Al-Husayn (‘a) dispatched ‘Amr Ibn Qarzah al-Ansari to Ibn Sa’d asking for an evening meeting between both warring factions. Each came out escorted by twenty cavaliers. Al-Husayn (‘a) ordered those in his company, with the exception of al-’Abbas and his oldest son, ‘Ali al-Akbar, to lag behind. Ibn Sa’d did likewise, keeping his son, Hafs, with him together with his slave.
Al-Husayn (‘a) said, “O Ibn Sa’d! Are you really fighting me?! Don't you fear Allah to Whom you shall return?! I am the son of you know very well who. Why don't you come to my side and leave these folks, for that will surely be better for you with Allah?” ‘Umar Ibn Sa’d said, “I fear lest my house should be demolished [if I do so].”
“I shall rebuild it for you,” was al-Husayn's answer. “I fear lest my estate should be confiscated,” said Ibn Sa’d. The Imam, peace be upon him, said, “I shall compensate you for it with one even better from my property in Hijaz.”1
It is said that the Imam (‘a) promised Ibn Sa’d to give him his own estate called al-Bughaybgha, a vast tract of land containing palms and many other fruit trees. Mu’awiyah had offered the Imam (‘a) one million2 dinars for it, but he refused to sell it to him.3 Ibn Sa’d then said, “I have in Kufa many children, and I fear lest Ibn Ziyad should kill them all.”

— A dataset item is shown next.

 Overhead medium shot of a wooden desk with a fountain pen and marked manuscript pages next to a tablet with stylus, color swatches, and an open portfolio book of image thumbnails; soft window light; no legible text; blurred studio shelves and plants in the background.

When al-Husayn (‘a) lost all hope of winning him over, he stood up as he said, “What is the matter with you, may Allah soon kill you on your bed, and may He never forgive you on the Day of Gathering?! By Allah! I wish you will only eat a little of the wheat of Iraq.” Ibn Sa’d responded by saying sarcastically, “Barley suffices me!”4
The first Sign of Allah's Wrath, which this man witnessed, was the loss of his anticipated post as the governor of Rey. When he returned from Karbala’, Ibn Ziyad required him to bring him the covenant wherein he promised to make him governor of Rey, but Ibn Sa’d claimed that he had lost it.
He pressured him to bring it to him, so Ibn Sa’d said, “I left it being read for the old women of Quraysh as means to apologize to them. By Allah! I had advised you with regard to al-Husayn with one piece of advice which, had you conveyed it to my father Sa’d, you would have paid him what you owe him.”

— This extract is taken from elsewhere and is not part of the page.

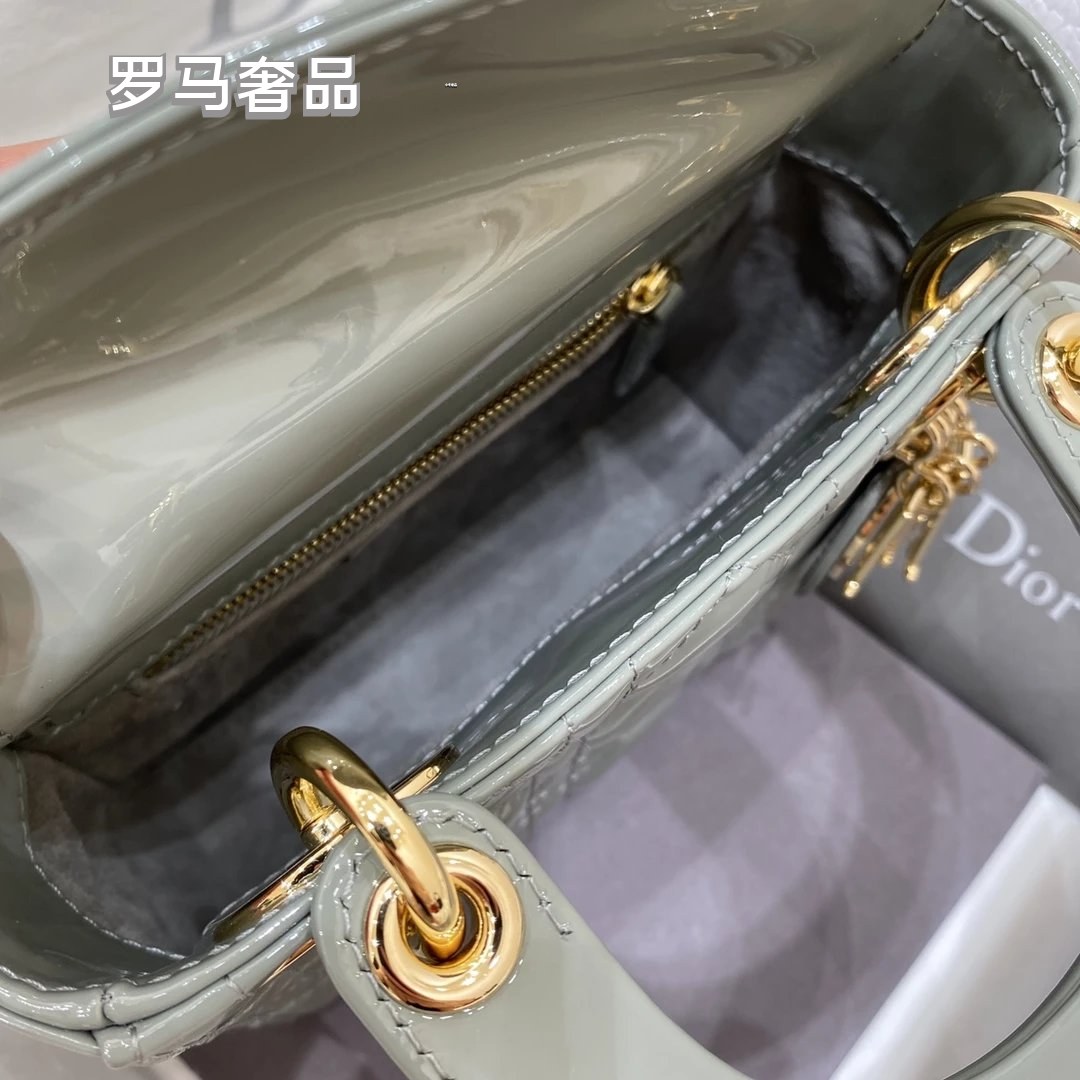 Dior Elegant Black Quilted Patent Leather Mini Top Handle Handbag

‘Uthman Ibn Ziyad, ‘Ubaydullah's brother, said, “Yes, he has said the truth! I wish there is a ring in the nose of each and every person belonging to Banu Ziyad till the Day of Judgment, and that al-Husayn had never been killed.”5
One of the ways whereby al-Mukhtar dealt with him was that when he granted him security, he hired women to mourn the death of al-Husayn at the doorstep of ‘Umar Ibn Sa’d's house. This attracted the attention of passers-by to the fact that the person living inside was the one responsible for killing the Master of the Youths of Paradise.
This caused a great deal of embarrassment to Ibn Sa’d who requested al-Mukhtar to have them removed from there. Al-Mukhtar said to him, “Does not al-Husayn (‘a) deserve to be mourned?”6 And when the people of Kufa wanted ‘Umar Ibn Sa’d to be their governor, following the death of Yazid son of Mu’awiyah, the women of the tribes of Hamdan and Rabi’a came to the grand mosque screaming and saying,
“Was not Ibn Sa’d satisfied with killing al-Husayn so he now wants to be the governor?” People wept, turning away from him.7
- 1. ’Abdullah Nur-Allah al-Bahrani, Maqtal al-’Awalim, p. 78.
- 2. The word “million” does not exist in Arabic; instead, the Arabs say “a thousand thousands.” N. Tr.
- 3. Radiyy ad-Din al-Qazwini, Tazallum al-Zahra’, p. 103.
- 4. Ibid., p. 103. al-Khawarizmi, Maqtal al-Husayn, Vol. 1, p. 245.
- 5. al-Tabari, Tarikh, Vol. 6, p. 268.
- 6. Sayyid Muhammad Riďa al-Asterbadi al-Hilli, Al-’Iqd al-Farid, in a chapter bearing the heading “Al-Mukhtar's Uprising.”
- 7. al-Mas’udi, Muruj al-Thahab, Vol. 2, p. 105, where Yazid is discussed.